スペインのフランシスコ・ピ・イ・マルガル(1824-1901)という歴史家であり政治家であり思想家でもあった人物のことはこの本で初めて知ったのだが、こんな人がいたのかという驚きが、まずあった。

1877年、『諸国民性』という著作の中で、ピ・イ・マルガルは当時のヨーロッパにおけるナショナリズムを批判して、統一的な国民国家を「大国家」として退けているのだそうだ。大国家とは統一をめざすドイツとかイタリアとかの単位である。これに対して、ピ・イ・マルガルが主張するのが「小国家」のまとまりで、そうした「小国家」が連邦制を取ることを、スペインに最も望ましい政治体制として、主張したという(p.37以下)。

日本にも小日本主義というのはあるが、このような国家構想を描いた思想家は、廃藩置県後の明治時代にはちょっと思いつかない(もしかしたら幕末にはいたかもしれないが)。日本の場合、集権制をどう作るか、そしてその担い手をどう教育してくか、が基本的な議論の前提だと思われるので、このような各地域の多元的なあり方を容認した上で国民統合を目指そうとするスペインでの思想課題の難しさに、なによりも示唆を受けた。

このことは、終章で強調されている「19世紀の国民国家形成期に、近代歴史学が国民史という「装置」を構築し、それによって、国内の歴史的差異を統一的な語りのうちに押し込めた」という考え方があるが、ドイツやイタリアとかではそうだったかもしれないが、スペインではそうとはいえないという著者の史学史相対化の試みとつながっている(p.218)。日本の大学における近代歴史学の参照項が主としてドイツだったからでもあるが、このような視点は大事だと思った。
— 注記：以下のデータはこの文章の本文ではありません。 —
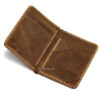 Ví đứng da bò handmade nhỏ gọn, cao cấp màu nâu Kalanos KBN630-Nau Handmade leather wallet - Kalanos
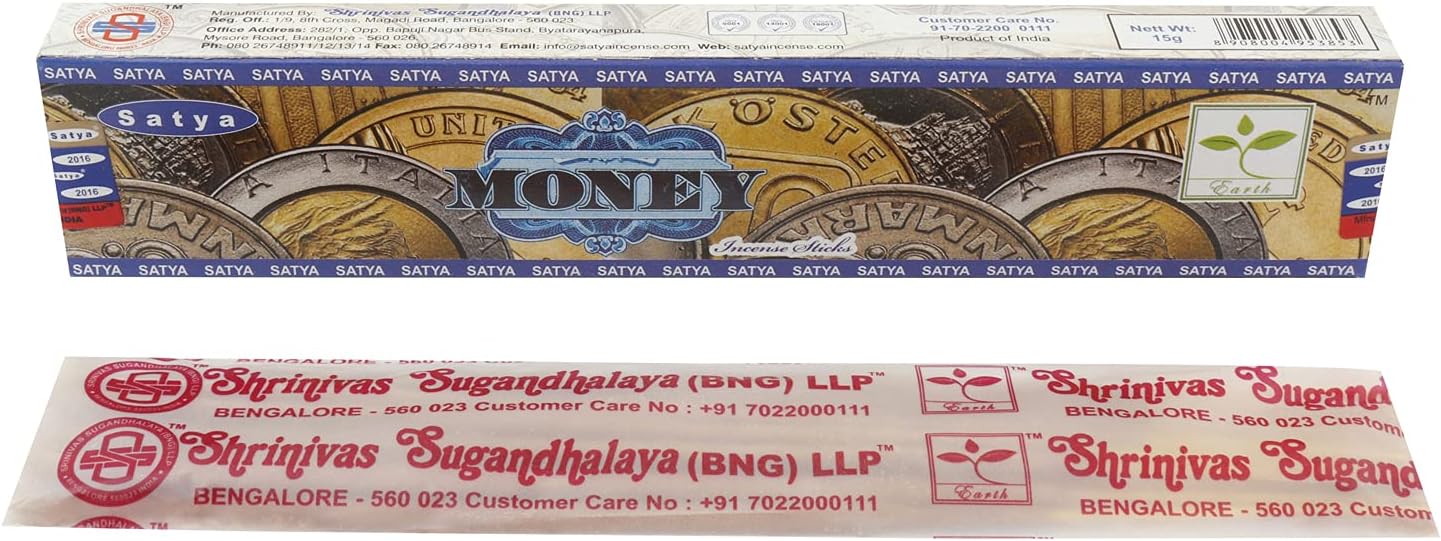 Sharvgun Satya Money Fragrance Incense Stick Pack of 12 Aggarbatti Home Scent Fragrance Aromatherapy 15G X 12 Pack (180G)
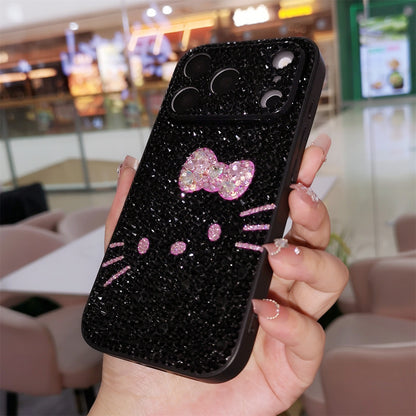 Handmade Luxury Bling Black Rhinestone iPhone Case Cute Hello Kitty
筆者はまた図書館勤務の時代からデジタルヒューマニティーズの研究を精力的に進めておられたが、その思いは、スペインの一次史料が他国のそれに比べて全然手に入らなかったことによるという。「必ずやこの史料の入手環境の不均衡を是正させねばならぬ」(p.223)という使命感(ここに著者があえて「ルサンチマン」とルビを振っていることに注目したい)が、本書に連なる著者の研究姿勢を支えていたのだということにも強く胸を打たれた。